Metrology is the science of measurement. The word comes from "metron" and "logos".
Metron is a tool for automatically obtaining useful information from printed circuit boards, like:
- High magnification live video with precise control of viewpoint.
- Super-resolution scanned images.
- Multidimensional super-resolution scanned images (multiple viewpoints from every location)
Such information is directly useful for manual inspection and reverse-engineering, but when combined with software that incorporates recently developed powerful computer vision and machine learning algorithms it can allow for nearly magical exploration of unknown electrical systems.
3D Models of PCBs
Taking advantage of two neat computer vision techniques called multiview reconstruction and depth-from-focus, Metron should be able to generate high resolution 3D scans of printed circuit boards. My hope is that these scans will be of sufficient resolution to distinguish the smallest of surface mount parts, pins of chips, vias, and the height difference between traces and bare board.
Once a high resolution 3D scan of a PCB is obtained it can be processed to extract useful information about the circuit structure of the PCB. Parts, pads, vias, and traces can be automatically segmented using a combination of visual and structural feature recognition. Some parts can be identified by reading their part numbers or matching them to known parts in a database.
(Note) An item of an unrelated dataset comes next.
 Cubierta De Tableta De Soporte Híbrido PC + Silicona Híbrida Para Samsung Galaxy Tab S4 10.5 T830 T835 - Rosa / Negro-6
With all of the information put together candidate netlists for the circuit on the PCB can be generated and scored.
Semi-automatic Reverse Engineering
After as much information as possible has been extracted from the scans and run through machine intelligence the result will likely be very poor. Missing information caused by traces under parts, multilayer boards, mis-identified parts, scan errors, and many other factors will almost guarantee that the guessed netlists are very incorrect.
But an interactive system has some hope of reaching useful results. After the first run of processing a human can use the initial machine guesses to guide further analysis. For example, if the netlist is corrupted by traces being obscured under parts then the engineer can remove the parts and rescan those areas. With the new information better guesses can be generated and new analysis can be done. In that sort of feedback loop the errors in the shared human-machine understanding the target circuit can be quickly whittled down to zero.